High quality data provides the foundation for CIBMTR research. To further support the collection of quality data, CIBMTR implemented consequences for centers that have particularly high error rates or that consistently fail to meet data quality standards. Effective October 1, 2020, audit consequences will be applied when a center has two consecutive audits resulting in a Critical Field Error Rate >3%. The first audits applied to the new policy are audits performed on or after October 1, 2016. The updated policy eliminates the critical field error rate tiers and reduces the number of consecutively failed audits to two for the implementation of audit consequences.

Audit Consequences

Implementation of audit consequences at a center is carefully considered by CIBMTR Leadership and is approved by the Chair of the CIBMTR Advisory Committee. The nature and extent of the audit errors are taken into consideration as well as the potential impact on the quality of research data and reporting functions of the CIBMTR.

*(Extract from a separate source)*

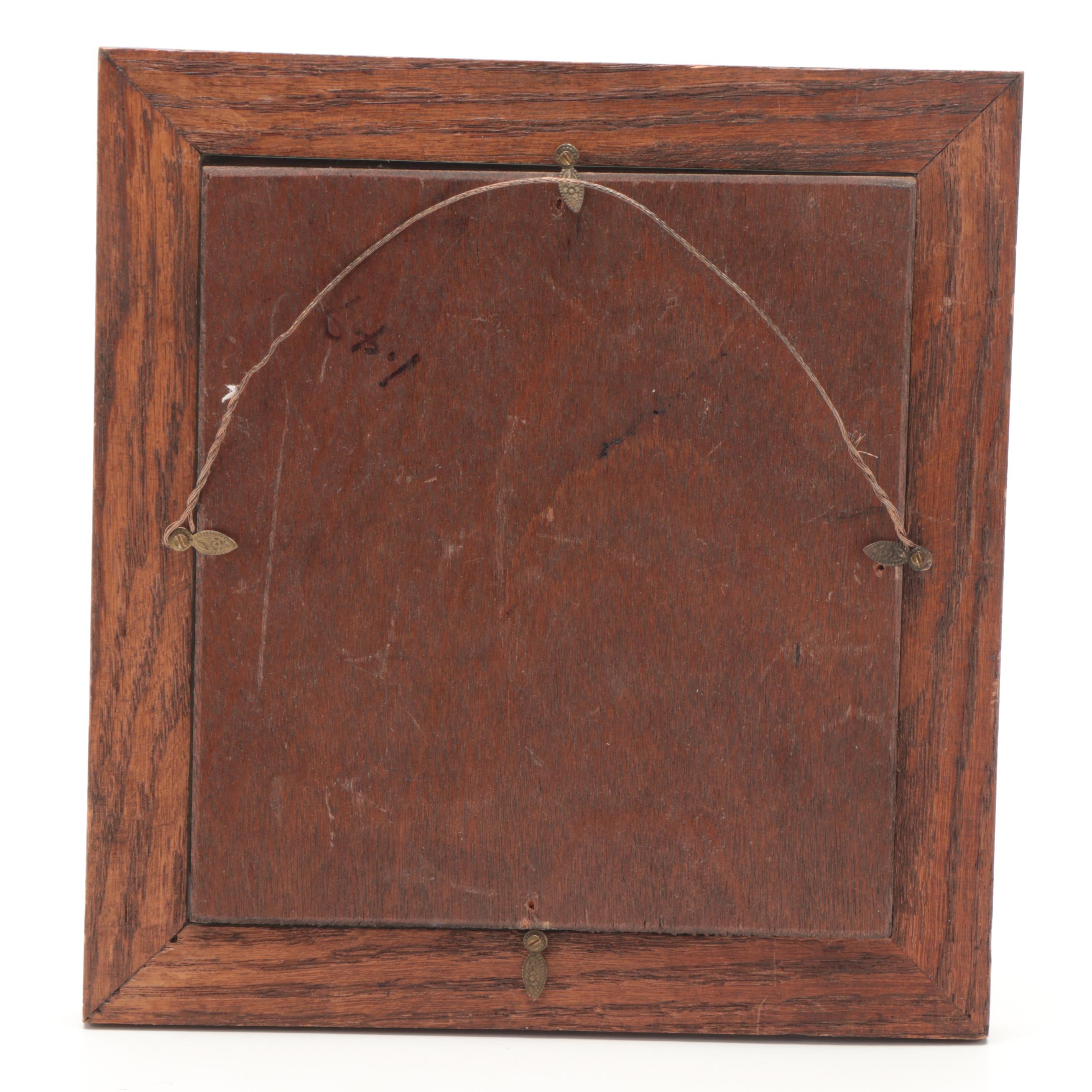 Handmade Cross-Stitch, Perforated Paper Needlework, Paper Cut Samplers, 19th C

For Domestic and International Centers Reporting Transplants with US Donors:

Center Specific Survival Analysis (CSA) Reporting:

  • Center Specific Survival Analysis (CSA) is performed to meet federal requirements of the Stem Cell Transplant Outcomes Database (SCTOD). The CSA predominantly uses pre-transplant variables, and the survival outcome. Center’s data will not be included in the Center Specific Outcomes. Implementation of this audit consequence will result in the center’s data being excluded from the calculation of the center’s expected performance. Additionally, these centers will be identified on the Center Specific Outcomes webpage as a center that has not met data quality requirements (relevant only to US centers).

Research Studies:

  • Data may be quarantined from observational research activities; however, continued involvement in prospective studies will be evaluated

Transplant Essential Data and Comprehensive Report Form Reporting:

  • If the center is a case report form (CRF) reporting center, the center may be changed to a Transplant Essential Data (TED) reporting only center.

CIBMTR Leadership Roles

  • Participation in CIBMTR leadership roles or membership in CIBMTR administrative committees may be denied.

Access to Unrelated Donors

  • If the center is a National Marrow Donor Program (NMDP) center, access to NMDP donors may only be allowed if an accepted corrective action plan (CAP) to improve data quality has been submitted, and CPI is up-to-date or has an approved CAP.

For International Centers Not Reporting Transplants with US Donors: CIBMTR membership may be terminated.

Removal of Audit Consequences

If any of the audit consequences outlined above are applied to a center, they will remain in place until the center passes the next regularly scheduled CIBMTR data quality audit in four years. Centers can request an interim audit at the site’s expense; however, the interim audit cannot be conducted until the site has successfully implemented the corrective action plan (CAP), which was agreed at the time consequences were applied, and sufficient data has been submitted to assess the effectiveness of the CAP. In order for the center’s CSA data to be released from consequences the interim audit must include data from the current CSA three-year window applicable at the time the interim audit is performed. In addition, systemic errors identified in CSA data fields as a result of the audit must be corrected for all patients included in the current CSA three-year window.